In other words, article 266 b is itself a generalisation about the touchiness of a certain group whose members have apparently never grown up. This is of course a very condescending attitude towards certain sections of the population and therefore – if there is to be some symmetry in the way article 226 b is enforced – ought to come under the scrutiny of the Public Prosecutor
The Public Prosecutor’s friends
But was the idea of symmetry ever seriously intended in the first place? It certainly doesn’t seem so. If the Public Prosecutor really wanted to be fair, he would long ago have initiated proceedings against people like the radio host and commentator Klaus Rothstein for his repeated highlighting of the abuse of minors by “the priests in the Irish catholic church”.
Is every priest in Ireland really a child molester?
Or he would have come after author Frederik Stjernfelt, who writes on the free speech network Free Debate about a woman who is famous for “fighting against Muslim violence against women”.
Shouldn´t both these sentences be changed to “some priests” or “violence against some Muslim women” in order to avoid generalisation?
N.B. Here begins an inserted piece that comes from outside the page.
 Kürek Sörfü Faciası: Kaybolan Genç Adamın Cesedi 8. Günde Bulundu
And what about the Left’s innumerable accusations about how xenophobic and racist Danes are? We’re tempted to remind them of the endless perfidious attacks on The Danish People’s Party and other alleged right-wingers. But since this minority group doesn’t represent a faith or a particular sexual orientation or a nationality, it is not protected by 226 b.
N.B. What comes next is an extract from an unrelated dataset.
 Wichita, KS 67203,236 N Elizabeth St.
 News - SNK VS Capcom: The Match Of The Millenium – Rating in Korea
Aren’t we all grown-ups? Apparently not
Here in the Free Press Society we believe that the answer to the question of how 226 b is being (mis)used is really very simple. The politico-moralist establishment wants a special language to be used when talking about cultural minorities. And by “cultural minorities” they of course really mean Islam, as nobody cares very much about the others.
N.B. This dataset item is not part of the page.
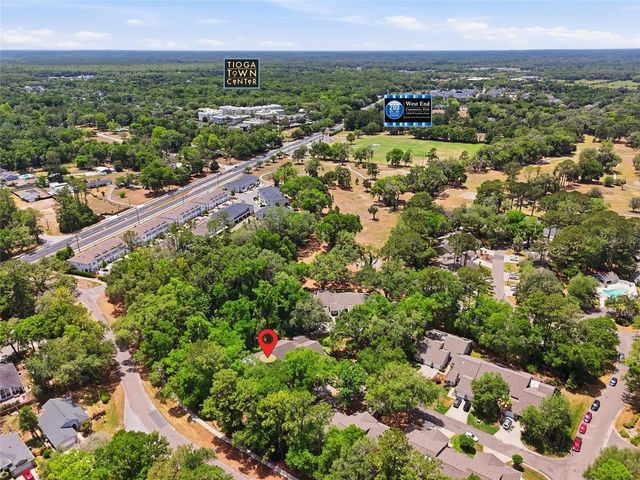 829 NW 124TH DRIVE, Newberry, FL 32669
This is a great mistake. Not only because it is based on the deprecating assumption that Muslims are especially touchy and therefore unable to distinguish between word and deed, but also because it marks the beginning of a dangerous new tendency. If we must constantly curb our language for fear of offending Muslims (and thereby breaking the law), then the outlook for the future of free speech looks gloomy indeed.
An open society cannot operate with a legal system that suddenly veers out of balance whenever someone uses everyday language to describe phenomena relating to a special group. This is untenable.
If the law forbids us to use imprecise descriptions of certain groups while others enjoy no protection at all, then this is tantamount to establishing a legal aristocracy.
It would mean exempting one particular group from being referred to in public debate on par with everybody else.
So we’re not far away from an Orwellian nightmare where the free exchange of opinions has been abolished and replaced by the amputated debating culture of the politically correct.
This means a deeply asymmetric debate where everything left-of-centre is accepted as the norm while everything right-of-centre is prohibited. And article 226 b is an effective instrument for doing just that.
But let’s hope that it never materialises. History has shown us many examples of what happens when the State censures free debate. So let us instead revoke article 226 b on the grounds that we are all grown-ups and therefore able to distinguish between words and deeds.
But until then we would advise you not mention facts that the legal aristocracy hpoes to keep under wraps.